Postorder (left → right → root) is the exact reverse of a modified preorder (root → right → left). So we do a preorder variant — pushing left before right — collect the result, and then reverse it at the end. It’s a neat trick that avoids the complexity of the “true” iterative postorder with two stacks.

Algorithm

  1. Use a stack starting with root
  2. While the stack is not empty:
    • Pop a node and prepend (or collect then reverse) its value
    • Push the left child first, then the right child
  3. Reverse the collected values and return

Solution

class TreeNode:
    def __init__(self, val=0, left=None, right=None):
        self.val = val
        self.left = left
        self.right = right

def postorder_iterative(root):
    if not root:
        return []

    result = []
    stack = [root]

    while stack:
        node = stack.pop()
        result.append(node.val)
        # Push left first, then right
        # (right will be processed next → root, right, left order)
        if node.left:
            stack.append(node.left)
        if node.right:
            stack.append(node.right)

    # Reversing gives left, right, root = postorder
    return result[::-1]

# --- helpers ---
def build_tree(values):
    if not values:
        return None
    root = TreeNode(values[0])
    queue = [root]
    i = 1
    while queue and i < len(values):
        node = queue.pop(0)
        if i < len(values) and values[i] is not None:
            node.left = TreeNode(values[i])
            queue.append(node.left)
        i += 1
        if i < len(values) and values[i] is not None:
            node.right = TreeNode(values[i])
            queue.append(node.right)
        i += 1
    return root

# --- tests ---
root1 = build_tree([1, None, 2, 3])
print(postorder_iterative(root1))  # [3, 2, 1]

root2 = build_tree([])
print(postorder_iterative(root2))  # []

root3 = build_tree([1, 2, 3, 4, 5])
print(postorder_iterative(root3))  # [4, 5, 2, 3, 1]

Complexity

  • Time: O(n) — every node processed once, plus O(n) for the reverse
  • Space: O(n) — result list stores all values before reversing

Common Pitfalls

Forgetting the reversal.

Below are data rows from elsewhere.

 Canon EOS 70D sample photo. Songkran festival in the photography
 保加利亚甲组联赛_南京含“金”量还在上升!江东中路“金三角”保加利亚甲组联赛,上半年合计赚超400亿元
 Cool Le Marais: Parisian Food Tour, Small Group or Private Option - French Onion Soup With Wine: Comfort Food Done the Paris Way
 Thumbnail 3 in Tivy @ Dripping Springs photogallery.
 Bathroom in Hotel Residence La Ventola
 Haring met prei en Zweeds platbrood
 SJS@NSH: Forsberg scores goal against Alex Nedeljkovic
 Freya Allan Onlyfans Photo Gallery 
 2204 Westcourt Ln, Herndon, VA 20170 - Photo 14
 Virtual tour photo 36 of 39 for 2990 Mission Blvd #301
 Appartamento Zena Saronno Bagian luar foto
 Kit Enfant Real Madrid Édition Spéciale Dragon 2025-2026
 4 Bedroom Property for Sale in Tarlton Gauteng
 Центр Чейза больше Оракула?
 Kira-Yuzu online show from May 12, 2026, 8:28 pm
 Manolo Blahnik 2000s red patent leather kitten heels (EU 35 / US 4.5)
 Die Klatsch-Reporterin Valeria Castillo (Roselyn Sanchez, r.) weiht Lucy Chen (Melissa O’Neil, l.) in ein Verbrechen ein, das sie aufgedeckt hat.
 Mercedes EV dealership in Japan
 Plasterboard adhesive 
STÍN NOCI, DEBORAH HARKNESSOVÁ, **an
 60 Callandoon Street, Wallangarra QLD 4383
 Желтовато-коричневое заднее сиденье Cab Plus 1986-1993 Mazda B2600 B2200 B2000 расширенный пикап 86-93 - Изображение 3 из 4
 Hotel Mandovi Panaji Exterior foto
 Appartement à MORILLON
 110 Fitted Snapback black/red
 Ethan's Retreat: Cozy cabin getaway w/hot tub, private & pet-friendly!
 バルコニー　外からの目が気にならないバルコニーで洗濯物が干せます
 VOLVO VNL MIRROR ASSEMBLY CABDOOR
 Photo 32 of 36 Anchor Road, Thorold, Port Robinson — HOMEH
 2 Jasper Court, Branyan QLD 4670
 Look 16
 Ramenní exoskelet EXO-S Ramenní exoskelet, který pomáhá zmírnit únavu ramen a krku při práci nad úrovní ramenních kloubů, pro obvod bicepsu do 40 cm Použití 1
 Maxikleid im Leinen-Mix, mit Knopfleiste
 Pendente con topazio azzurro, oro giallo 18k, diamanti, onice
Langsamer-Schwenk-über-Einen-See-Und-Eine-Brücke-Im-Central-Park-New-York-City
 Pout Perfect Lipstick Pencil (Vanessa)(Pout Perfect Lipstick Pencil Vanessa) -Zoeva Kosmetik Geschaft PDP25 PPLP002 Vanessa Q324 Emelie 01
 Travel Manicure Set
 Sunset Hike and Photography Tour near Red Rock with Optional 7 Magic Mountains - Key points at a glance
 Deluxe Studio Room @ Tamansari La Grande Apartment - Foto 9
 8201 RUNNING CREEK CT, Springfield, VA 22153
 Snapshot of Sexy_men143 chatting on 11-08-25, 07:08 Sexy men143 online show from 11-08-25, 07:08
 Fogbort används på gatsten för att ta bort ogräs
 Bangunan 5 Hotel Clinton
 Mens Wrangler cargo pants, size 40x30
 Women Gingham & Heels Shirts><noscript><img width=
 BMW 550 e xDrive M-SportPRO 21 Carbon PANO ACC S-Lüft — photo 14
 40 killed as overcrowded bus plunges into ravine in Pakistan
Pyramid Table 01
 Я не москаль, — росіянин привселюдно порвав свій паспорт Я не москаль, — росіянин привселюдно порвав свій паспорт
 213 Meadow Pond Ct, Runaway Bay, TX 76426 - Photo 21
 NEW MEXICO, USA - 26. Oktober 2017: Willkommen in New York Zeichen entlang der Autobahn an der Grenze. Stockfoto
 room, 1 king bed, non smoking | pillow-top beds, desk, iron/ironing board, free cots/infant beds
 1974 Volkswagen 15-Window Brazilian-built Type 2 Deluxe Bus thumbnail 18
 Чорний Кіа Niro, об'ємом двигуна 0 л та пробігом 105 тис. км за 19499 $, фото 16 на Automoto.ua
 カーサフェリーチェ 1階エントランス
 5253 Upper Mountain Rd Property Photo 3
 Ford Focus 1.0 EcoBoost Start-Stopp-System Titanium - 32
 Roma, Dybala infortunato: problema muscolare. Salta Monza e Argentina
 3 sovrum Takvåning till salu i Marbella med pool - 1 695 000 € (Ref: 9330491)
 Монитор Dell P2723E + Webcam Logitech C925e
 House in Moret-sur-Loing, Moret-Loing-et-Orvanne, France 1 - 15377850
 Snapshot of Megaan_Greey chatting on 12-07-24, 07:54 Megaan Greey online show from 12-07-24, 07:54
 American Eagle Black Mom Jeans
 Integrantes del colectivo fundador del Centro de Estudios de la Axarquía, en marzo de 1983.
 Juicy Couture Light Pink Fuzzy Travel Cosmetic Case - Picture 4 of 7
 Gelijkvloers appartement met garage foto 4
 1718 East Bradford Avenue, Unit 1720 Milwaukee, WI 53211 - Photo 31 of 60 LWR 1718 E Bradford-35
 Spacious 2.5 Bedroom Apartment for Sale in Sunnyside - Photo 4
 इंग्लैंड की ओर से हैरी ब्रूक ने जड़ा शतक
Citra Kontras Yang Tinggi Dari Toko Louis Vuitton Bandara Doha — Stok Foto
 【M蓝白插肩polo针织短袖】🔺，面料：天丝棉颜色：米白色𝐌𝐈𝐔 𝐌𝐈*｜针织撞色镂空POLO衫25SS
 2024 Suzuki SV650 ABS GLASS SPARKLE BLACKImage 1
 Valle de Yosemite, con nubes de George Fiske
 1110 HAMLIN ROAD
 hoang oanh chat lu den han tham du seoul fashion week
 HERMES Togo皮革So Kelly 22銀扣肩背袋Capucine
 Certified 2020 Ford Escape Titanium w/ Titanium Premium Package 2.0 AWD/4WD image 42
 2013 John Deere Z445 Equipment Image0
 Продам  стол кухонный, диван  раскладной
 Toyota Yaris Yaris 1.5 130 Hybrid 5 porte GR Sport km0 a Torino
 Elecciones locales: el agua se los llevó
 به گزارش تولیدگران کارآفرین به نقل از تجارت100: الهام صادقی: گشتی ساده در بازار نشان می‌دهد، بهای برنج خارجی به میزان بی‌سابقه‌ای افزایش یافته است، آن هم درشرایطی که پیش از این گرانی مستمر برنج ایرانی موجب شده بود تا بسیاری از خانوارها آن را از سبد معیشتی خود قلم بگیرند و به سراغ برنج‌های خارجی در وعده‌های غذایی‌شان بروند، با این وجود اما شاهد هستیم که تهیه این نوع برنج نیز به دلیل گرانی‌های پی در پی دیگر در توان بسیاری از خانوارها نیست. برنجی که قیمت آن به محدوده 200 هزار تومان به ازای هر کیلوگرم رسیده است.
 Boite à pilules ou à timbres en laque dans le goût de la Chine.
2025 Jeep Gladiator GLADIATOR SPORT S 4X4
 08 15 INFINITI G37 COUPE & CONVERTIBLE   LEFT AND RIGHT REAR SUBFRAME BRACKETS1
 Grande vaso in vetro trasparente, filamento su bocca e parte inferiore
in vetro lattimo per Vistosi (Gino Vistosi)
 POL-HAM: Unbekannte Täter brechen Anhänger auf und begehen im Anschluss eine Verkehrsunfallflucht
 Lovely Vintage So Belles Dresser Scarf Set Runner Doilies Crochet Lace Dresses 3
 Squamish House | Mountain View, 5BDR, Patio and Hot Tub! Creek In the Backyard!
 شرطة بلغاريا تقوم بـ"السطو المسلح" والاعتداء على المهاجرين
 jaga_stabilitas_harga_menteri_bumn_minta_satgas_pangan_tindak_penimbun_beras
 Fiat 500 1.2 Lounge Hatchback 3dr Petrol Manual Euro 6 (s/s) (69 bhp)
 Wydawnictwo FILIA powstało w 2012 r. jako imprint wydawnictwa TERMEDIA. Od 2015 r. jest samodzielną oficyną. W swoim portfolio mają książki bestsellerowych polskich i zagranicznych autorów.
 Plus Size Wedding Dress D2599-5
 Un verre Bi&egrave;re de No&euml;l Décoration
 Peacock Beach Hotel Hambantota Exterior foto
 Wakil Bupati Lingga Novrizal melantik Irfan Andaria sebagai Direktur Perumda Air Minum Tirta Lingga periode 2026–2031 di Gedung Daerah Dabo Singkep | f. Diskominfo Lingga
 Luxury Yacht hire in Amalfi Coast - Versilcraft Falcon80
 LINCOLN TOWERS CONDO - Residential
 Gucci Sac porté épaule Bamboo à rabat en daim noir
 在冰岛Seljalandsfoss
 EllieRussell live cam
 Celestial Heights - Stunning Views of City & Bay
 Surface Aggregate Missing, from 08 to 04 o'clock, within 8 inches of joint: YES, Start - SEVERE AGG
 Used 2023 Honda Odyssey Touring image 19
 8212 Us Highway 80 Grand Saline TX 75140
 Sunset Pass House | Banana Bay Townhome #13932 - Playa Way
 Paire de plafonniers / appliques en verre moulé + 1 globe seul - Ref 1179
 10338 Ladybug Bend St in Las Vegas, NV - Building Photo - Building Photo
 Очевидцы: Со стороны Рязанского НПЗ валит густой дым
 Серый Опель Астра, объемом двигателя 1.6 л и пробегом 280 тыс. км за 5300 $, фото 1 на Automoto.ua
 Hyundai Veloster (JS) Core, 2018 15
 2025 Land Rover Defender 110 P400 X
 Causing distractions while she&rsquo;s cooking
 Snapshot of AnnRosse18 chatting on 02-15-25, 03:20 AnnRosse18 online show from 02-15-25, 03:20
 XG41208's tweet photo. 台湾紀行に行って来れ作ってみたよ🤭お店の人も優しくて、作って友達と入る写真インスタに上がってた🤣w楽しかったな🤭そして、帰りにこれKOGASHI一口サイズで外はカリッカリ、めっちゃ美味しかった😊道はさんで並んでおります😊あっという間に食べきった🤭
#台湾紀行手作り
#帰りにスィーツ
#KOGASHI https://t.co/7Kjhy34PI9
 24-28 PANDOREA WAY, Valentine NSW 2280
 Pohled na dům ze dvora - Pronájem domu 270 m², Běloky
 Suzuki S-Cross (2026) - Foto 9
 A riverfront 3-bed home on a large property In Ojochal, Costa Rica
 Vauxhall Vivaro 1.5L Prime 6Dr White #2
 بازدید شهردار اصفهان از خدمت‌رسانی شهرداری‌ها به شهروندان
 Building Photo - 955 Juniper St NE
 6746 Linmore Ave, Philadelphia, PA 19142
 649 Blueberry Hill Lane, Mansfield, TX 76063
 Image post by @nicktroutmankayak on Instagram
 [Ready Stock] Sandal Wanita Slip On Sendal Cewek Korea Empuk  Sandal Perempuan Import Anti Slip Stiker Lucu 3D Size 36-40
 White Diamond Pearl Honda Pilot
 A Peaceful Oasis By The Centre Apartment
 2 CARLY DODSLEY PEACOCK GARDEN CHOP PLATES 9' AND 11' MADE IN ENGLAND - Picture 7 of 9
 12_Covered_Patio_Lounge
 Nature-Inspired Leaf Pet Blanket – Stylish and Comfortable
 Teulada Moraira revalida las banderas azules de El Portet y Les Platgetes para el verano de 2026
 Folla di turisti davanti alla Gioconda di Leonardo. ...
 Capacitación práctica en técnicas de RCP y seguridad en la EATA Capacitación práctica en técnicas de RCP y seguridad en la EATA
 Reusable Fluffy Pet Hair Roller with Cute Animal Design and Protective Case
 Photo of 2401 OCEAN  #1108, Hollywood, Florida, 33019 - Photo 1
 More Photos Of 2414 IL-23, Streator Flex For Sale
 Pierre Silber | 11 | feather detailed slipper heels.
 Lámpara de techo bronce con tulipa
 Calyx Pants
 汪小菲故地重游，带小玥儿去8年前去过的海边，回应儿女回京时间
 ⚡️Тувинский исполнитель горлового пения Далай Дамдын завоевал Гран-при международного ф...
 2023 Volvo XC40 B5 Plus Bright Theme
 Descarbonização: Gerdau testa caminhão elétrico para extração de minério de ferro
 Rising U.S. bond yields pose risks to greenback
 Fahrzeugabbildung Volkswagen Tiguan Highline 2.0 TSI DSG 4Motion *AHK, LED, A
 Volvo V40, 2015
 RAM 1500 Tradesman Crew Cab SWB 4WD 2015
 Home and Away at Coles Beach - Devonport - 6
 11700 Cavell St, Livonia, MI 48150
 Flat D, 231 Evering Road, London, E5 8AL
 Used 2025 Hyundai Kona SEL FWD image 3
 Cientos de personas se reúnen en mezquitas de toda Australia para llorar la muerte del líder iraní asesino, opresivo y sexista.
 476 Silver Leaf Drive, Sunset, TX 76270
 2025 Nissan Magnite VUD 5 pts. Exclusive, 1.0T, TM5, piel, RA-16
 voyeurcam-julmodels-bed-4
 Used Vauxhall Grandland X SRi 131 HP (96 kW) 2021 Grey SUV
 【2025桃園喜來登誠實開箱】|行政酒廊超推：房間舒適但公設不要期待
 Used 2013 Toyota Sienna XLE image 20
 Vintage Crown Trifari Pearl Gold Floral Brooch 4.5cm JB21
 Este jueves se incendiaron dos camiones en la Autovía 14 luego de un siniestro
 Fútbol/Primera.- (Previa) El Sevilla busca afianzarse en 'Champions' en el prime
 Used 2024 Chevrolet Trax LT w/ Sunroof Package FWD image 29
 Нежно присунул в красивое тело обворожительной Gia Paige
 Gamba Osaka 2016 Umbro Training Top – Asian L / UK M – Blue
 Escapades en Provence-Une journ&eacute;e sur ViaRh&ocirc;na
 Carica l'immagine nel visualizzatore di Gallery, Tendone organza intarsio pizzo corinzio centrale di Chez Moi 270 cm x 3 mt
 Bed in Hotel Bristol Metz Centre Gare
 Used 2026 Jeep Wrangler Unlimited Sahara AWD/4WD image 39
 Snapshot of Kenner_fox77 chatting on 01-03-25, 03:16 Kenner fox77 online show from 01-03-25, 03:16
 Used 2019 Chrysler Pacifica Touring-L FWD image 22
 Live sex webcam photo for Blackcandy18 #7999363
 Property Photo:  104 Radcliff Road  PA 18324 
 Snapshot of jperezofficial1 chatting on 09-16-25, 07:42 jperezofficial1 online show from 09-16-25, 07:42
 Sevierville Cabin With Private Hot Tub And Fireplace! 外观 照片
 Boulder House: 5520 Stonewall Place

The iterative trick only works if you remember to reverse the collected list at the end. Without it you get a root→right→left traversal, not postorder.

Confusing with inorder. Inorder and postorder both visit the root last-ish, but the difference is that inorder visits root between the two subtrees. Keep the mnemonic: “post” = root comes after everything.